The Federal Reserve's extended easy-money policies are creating serious risks that could turn a future economic slump into a catastrophe, warns Stephen King, chief economist at HSBC.

To be sure, many of the dire predictions about the Federal Reserve's asset-purchasing and low-interest-rate policies over the last few years have not borne out; high inflation has not resulted, the Fed was able to exit their quantitative easing program without incident, and unemployment has indeed fallen dramatically. But King says the real risk actually lies in the future.

"The U.S. has had six years of recovery. And normally after six years, there have been plenty of opportunities to rebuild the kind of policy ammunition that policymakers rely upon during subsequent recessions. And normally, you would have higher interest rates, big improvements in the fiscal position, perhaps stabilization and even reduction in government debt. And this time around, none of that has actually happened," King said Wednesday in an interview with CNBC's "Trading Nation."

The Fed has maintained a basement-low target on the federal funds rate since December 2008, and only now is the central bank discussing raising it in the near future. For King, the risk is that policy does not return to normal levels by the time the economic cycle ends, leaving the central bank with reduced tools to save an economy in need.


"The danger is that we have a recession, say, in two or three years' time [and] we haven't got the usual policy ammunition to fight that recession with," King said, adding dramatically: "So it's like an ocean liner going across the ocean without lifeboats." (Tweet This)

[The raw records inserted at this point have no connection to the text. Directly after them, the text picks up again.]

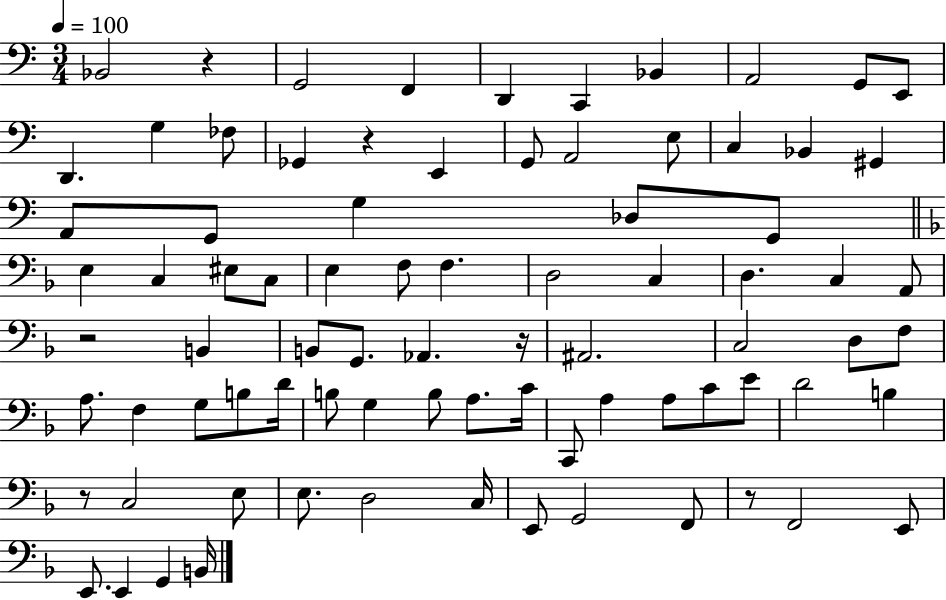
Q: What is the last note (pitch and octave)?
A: B2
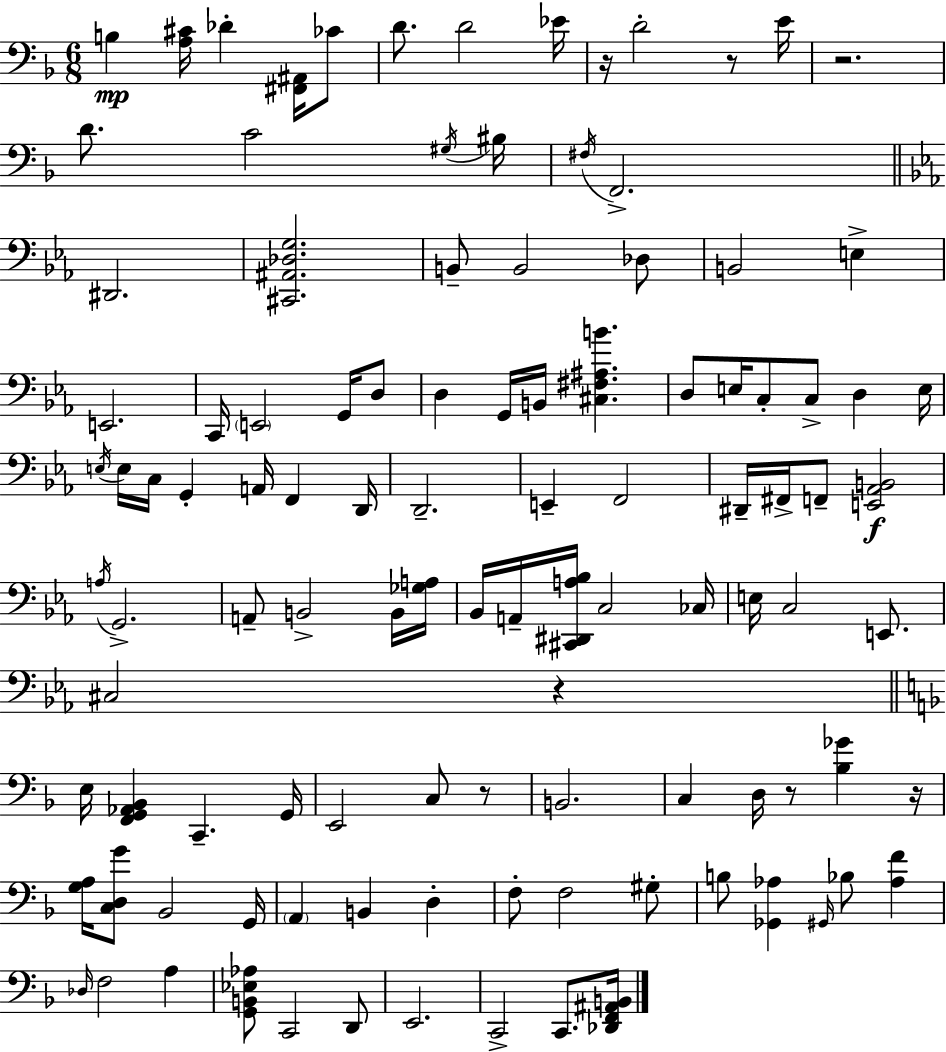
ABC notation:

X:1
T:Untitled
M:6/8
L:1/4
K:Dm
B, [A,^C]/4 _D [^F,,^A,,]/4 _C/2 D/2 D2 _E/4 z/4 D2 z/2 E/4 z2 D/2 C2 ^G,/4 ^B,/4 ^F,/4 F,,2 ^D,,2 [^C,,^A,,_D,G,]2 B,,/2 B,,2 _D,/2 B,,2 E, E,,2 C,,/4 E,,2 G,,/4 D,/2 D, G,,/4 B,,/4 [^C,^F,^A,B] D,/2 E,/4 C,/2 C,/2 D, E,/4 E,/4 E,/4 C,/4 G,, A,,/4 F,, D,,/4 D,,2 E,, F,,2 ^D,,/4 ^F,,/4 F,,/2 [E,,_A,,B,,]2 A,/4 G,,2 A,,/2 B,,2 B,,/4 [_G,A,]/4 _B,,/4 A,,/4 [^C,,^D,,A,_B,]/4 C,2 _C,/4 E,/4 C,2 E,,/2 ^C,2 z E,/4 [F,,G,,_A,,_B,,] C,, G,,/4 E,,2 C,/2 z/2 B,,2 C, D,/4 z/2 [_B,_G] z/4 [G,A,]/4 [C,D,G]/2 _B,,2 G,,/4 A,, B,, D, F,/2 F,2 ^G,/2 B,/2 [_G,,_A,] ^G,,/4 _B,/2 [_A,F] _D,/4 F,2 A, [G,,B,,_E,_A,]/2 C,,2 D,,/2 E,,2 C,,2 C,,/2 [_D,,F,,^A,,B,,]/4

On the other hand, the state of the economy doesn't exactly bring to mind the peak of an economic cycle. As King grants, "the pace of the recovery is much, much weaker than has been the case in the past," which both argues for continued lower rates, and points to a lower chance of a serious slowdown ahead.

The Fed, for one, says that even after the first rate hike, it will not be in a rush to return to historically normal policy conditions.

"The Committee currently anticipates that, even after employment and inflation are near mandate-consistent levels, economic conditions may, for some time, warrant keeping the target federal funds rate below levels the Committee views as normal in the long run," the Fed's policy-making committee wrote in its last statement.

But for the HSBC economist, that decision, and similar ones by central banks around the world, could reflect a short-sightedness that creates glaring vulnerabilities.